Beginning with the song “Make Way” God’s Servant smashes our modern idols of sex, wealth, and pleasure, emphasizing that “I’m only here just to crown Him, that’s the reason for this diadem.” He moves on to “Areopagus,” named after Paul’s famous interaction in Acts 17. Here God’s Servant continues to emphasize that there is only one God who demands our obedience and will judge us for disobedience. “Ransomed” then brings attention to our fall, and how Christ is worthy of exultation because He has ransomed us from sin. “For Us” places heavy emphasis on Christ’s voluntary sacrifice on our behalf, the epitome of true love as the Son of God died for His enemies.

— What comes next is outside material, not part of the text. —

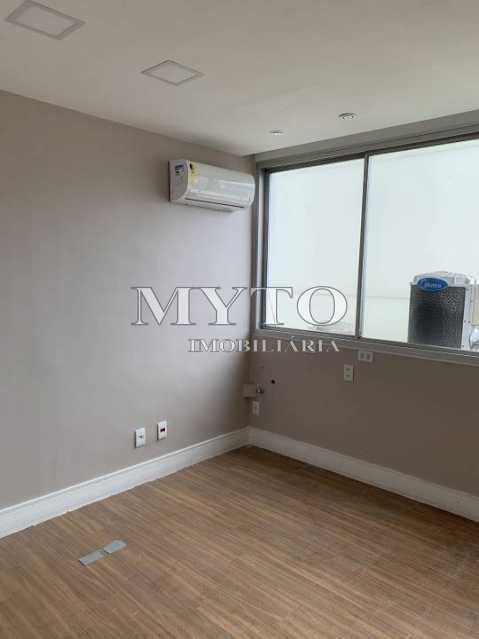 D6EB8A10-8A53-486C-9CF0-FB305D - 1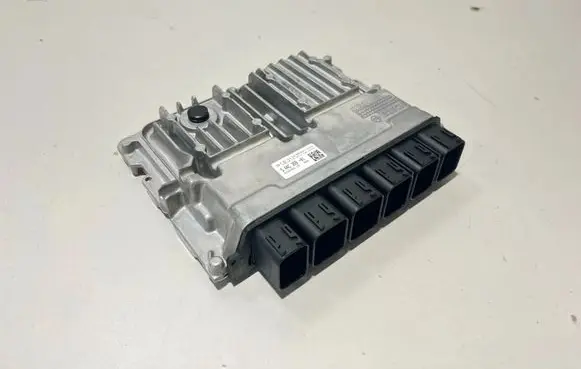 BMW 5 G30 G31 G38 Engine control unit/module 5A4C359 5A56342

The “Choral Interlude” marks something of a shift in focus in the album, followed by what is, in my view, the climax of the album in “Look Ye Saints.” This song is inspired by the hymn of the same name, emphasizing the refrain “Crown Him crown Him, crown Him crown Him, crown Him crown Him, King of Kings and Lord of Lords! King of Kings and Lord of Lords!” The song highlights Christ’s complete majesty, His work on our behalf, and how we must respond by bowing to Him.
The next five songs continue on this theme, continually emphasizing over and over the worthiness of Christ, utterly incomparable to any temporal pleasure. I should say here that, while the emphasis of this album is on Christ, it is also thoroughly Trinitarian. The songs bring adequate attention to Christ’s relationship to the Father and the Holy Spirit.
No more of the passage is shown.